Suddenly, as I was standing in the back, preparing to leave, a priest came out and began Mass for the eight nuns who were sitting in the front. 

How could I leave? It was as if God said, ” Hey, You’re here just in time! I wanted to catch you before you left. I have a place at my table set just for you. Come, join us!”

When God says “I have a place for you,” how do you turn your back with a ” No, thanks, I already ate.”

So I stayed for Mass. But the weather outside was rainy and promised to get worse before the day was over, so I told myself I would leave right after communion.

St. Phil had other ideas, though. As I tried to leave, he hid the doorknob! It was a little dark inside and the overcast skies didn’t help, but I couldn’t find my way out! I felt around where I thought I had gotten in, felt hinges, but no knob where the knob should be. 

 I realized that leaving early was not in the plans for me that morning. I stayed the extra 3 minutes til the end of Mass. Then, a kindly man in the back of the Church saw my plight, lifted the latch (there was a latch, not a knob), and wished me a “Buen Camino” as he held the door open for me.

The saints look out for my best interests, even when I do not. And was that Phil playing a joke by “locking” me in? 

I chuckled as I began on one of the muddiest days yet of my Camino.

Day 5 – The Saints Conspire to Keep my Focus Where it Needs to Be -Uterga to Puenta de la Reina

The day began poorly.

Someone in the room had an  alarm clock in their jacket which started going off at 0545 and went off every 15 minutes after that. Of course, the woman whose alarm it was was in the shower the whole time and never heard it.  

But the 15 people trying to sleep sure did.

The sun was finally out and I could wear my sunglasses. I was feeling strong and decided to take a detour to see the church at Eunate, a very old Romanesque style building in a nice setting.

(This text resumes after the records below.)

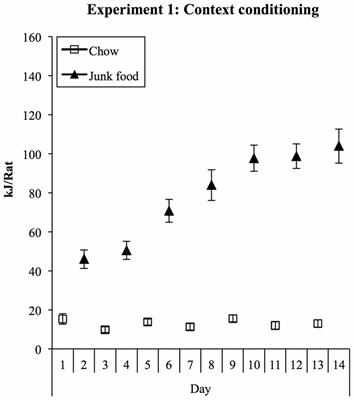 Contexts Paired with Junk Food Impair Goal-Directed Behavior in Rats: Implications for Decision Making in Obesogenic Environments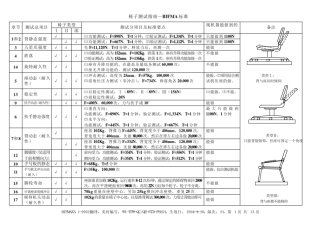 BIFMAX5.1椅子测试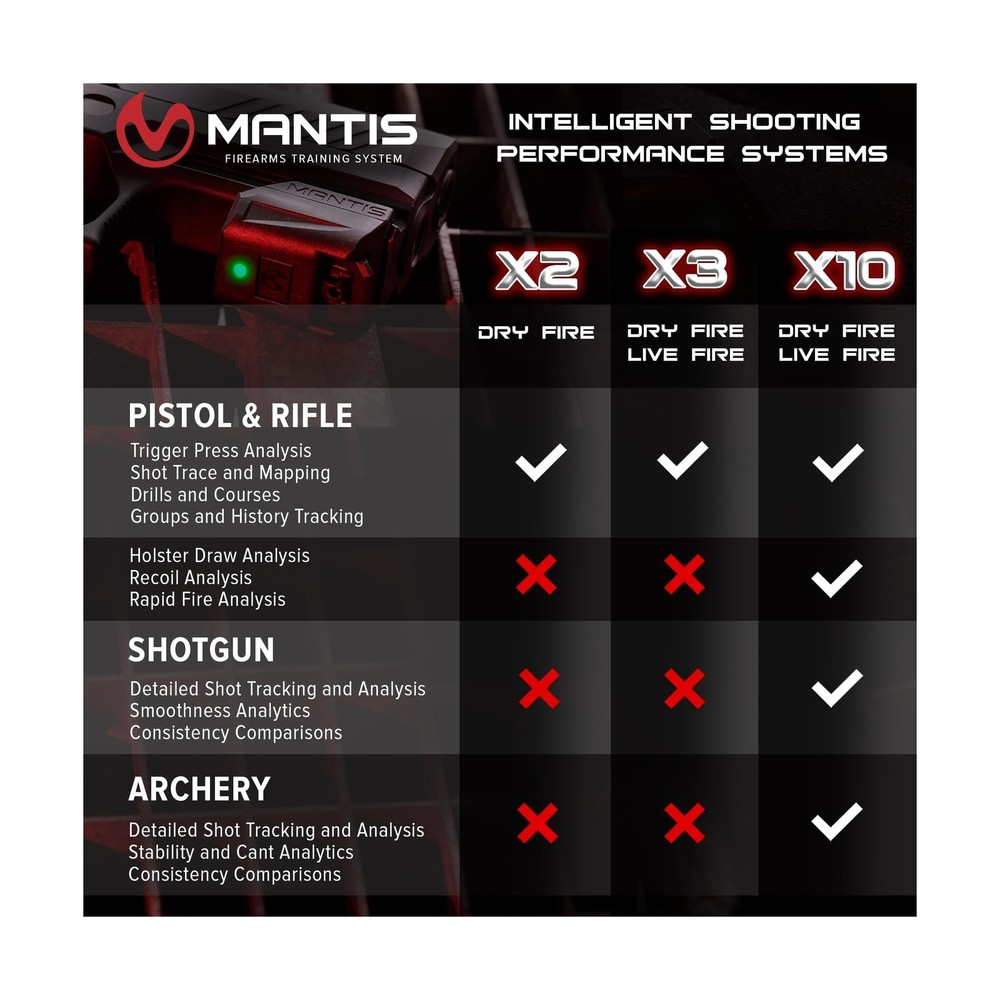 Mantis X10 Elite Shooting Performance System |Dry Fire Training System | Work...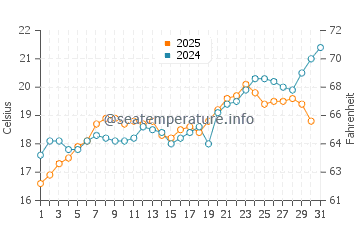 Kolios water temp chart in May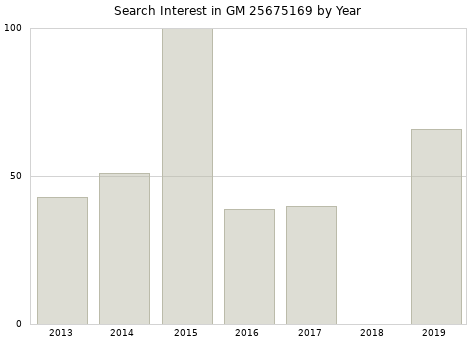 Annual search interest in GM 25675169 part.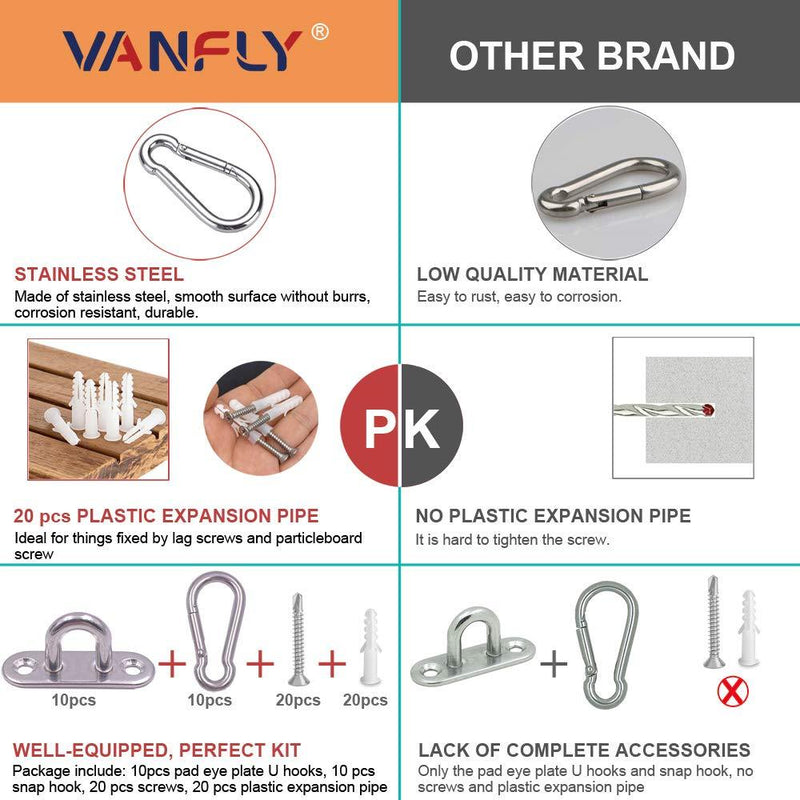 VANFLY 10 Pcs Stainless Steel 1.8 inch Pad Eye Plate U Hooks + 10pcs Stainless Steel Snap Hook, Marine Hardware Staple Hook Loop with Screws, Plastic Expansion Pipe
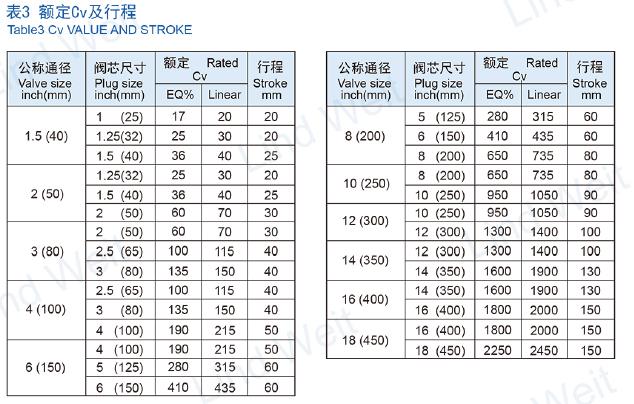 LPCV气动阀额定CV及行程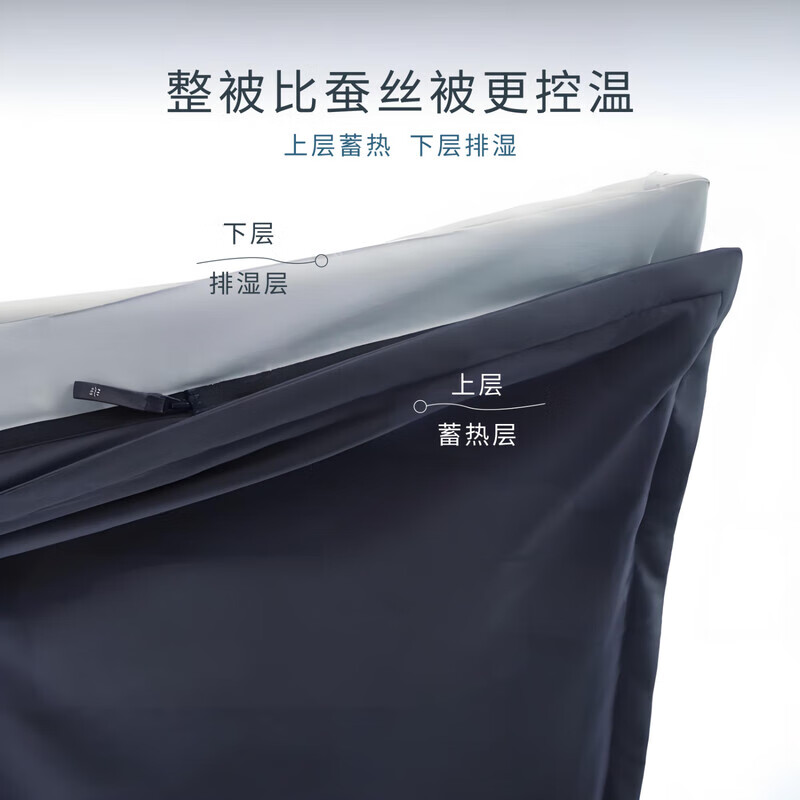 亚朵同学秋冬季被子酒店同款深睡控温被Pro2.0A类被芯深睡被可机洗子母被 【全新款】清澄蓝 亚朵深睡控温被Pro2.0 150cm*200cm 四季被 (双层控温子母被)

Since I had left the albergue early, I was at Eunate by 0800. There were a few pilgrims there, sitting on the grass, catching the sunshine on the low rock wall surrounding the Church, like turtles in the sun. My friend from the albergue in Uterga, Antonio, was waiting and I shared some Voltaren for his swollen knees.

Unfortunately, the Church didn’t open until 1030. Who knew that a church would not be open for business on a  Sunday morning?

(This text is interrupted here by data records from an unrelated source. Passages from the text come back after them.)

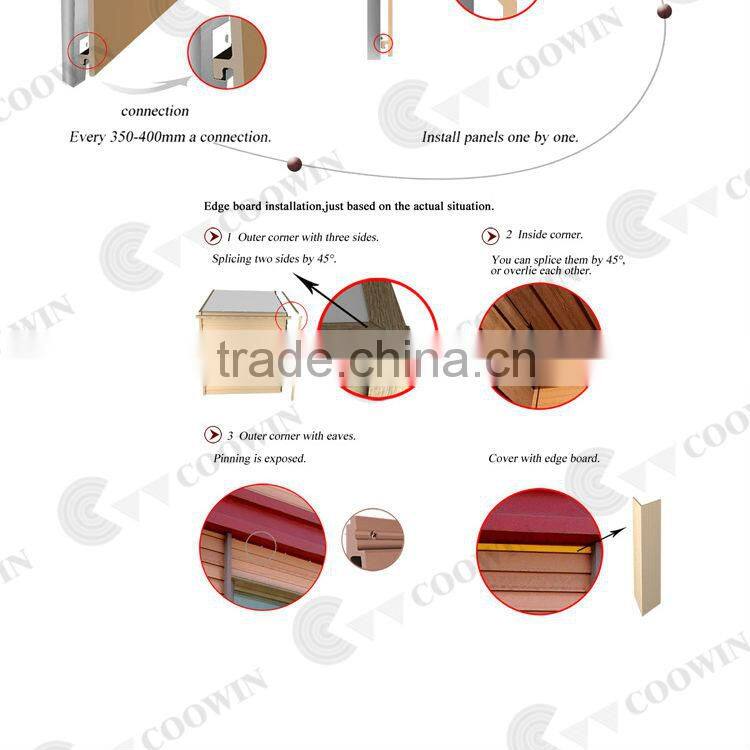 factory price wood plastic composite wall panel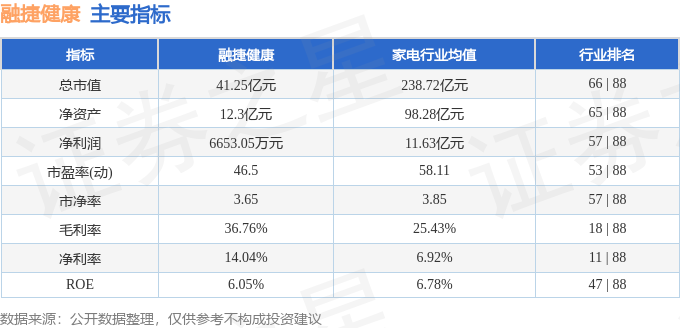 股票行情快报：融捷健康（300247）12月31日主力资金净买入2213万元(图2)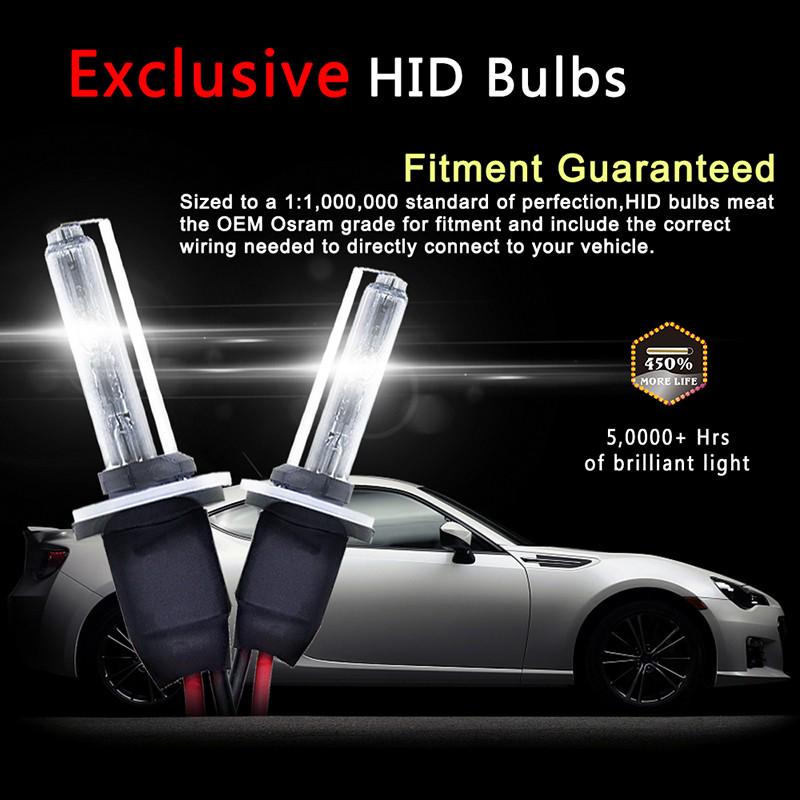 Buy 2x H7 55W 3500LM LED Car Headlights Conversion Globes Bulbs Beam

I changed my plans and decided to wait until the church opened. It was supposed to be very nice inside, in an austere sort of way.

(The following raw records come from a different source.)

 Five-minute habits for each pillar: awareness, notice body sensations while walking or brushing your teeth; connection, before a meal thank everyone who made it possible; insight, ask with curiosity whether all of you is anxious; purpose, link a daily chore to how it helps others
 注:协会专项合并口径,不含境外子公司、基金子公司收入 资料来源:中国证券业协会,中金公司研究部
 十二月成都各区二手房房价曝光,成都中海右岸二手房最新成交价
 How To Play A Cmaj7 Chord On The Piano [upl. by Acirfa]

I fell asleep in the warm sun, the silence occasionally broken by Sunday morning power paragliders buzzing around the fields.

Eventually, 1030 arrived. How did I know? Because at 1029, two tour buses full of visitors pulled up to the church. The woman who gave the stamps for our credencias, however, was the same who gave the Church tours and the paying customers came first.

I was finally able to leave at about 1115, having taken a glance at the inside of the church (Ehh) and gotten my stamp.

I arrived in Obanos in time for noon Mass at St. Juan Bautista so of course I went, the only pilgrim in a congregation full of families and friends..

I got to Puenta de la Reina and decided to stay instead of moving onto the next town, as I had originally planned. Waiting for the church in Eunate to open, then stumbling upon noon Mass in Obanos was clearly the work of my entourage of saints making sure I did the right thing and slowed down. 

Assigned to a room – and stuck with a top bunk – I was surprised to find that I was in the same room as Antonio, the friend with the bad knees who I had met the night before in Uterga, Petra, whom I had first met when we were at the same gite on the first day in St. Jean, and Antoine, my friend from the train ride from Paris.

The Camino is full of surprises.

Before the Pilgrim Mass that night, I had tapas with two very jovial Spanish gentlemen at the bar next to the Church. How very Catholic that there should be a bar next to a Church. They showed me the ins and outs of ordering and eating tapas and wine. They had everyone laughing, including the bartender, and they were delighted to discover that I was from America.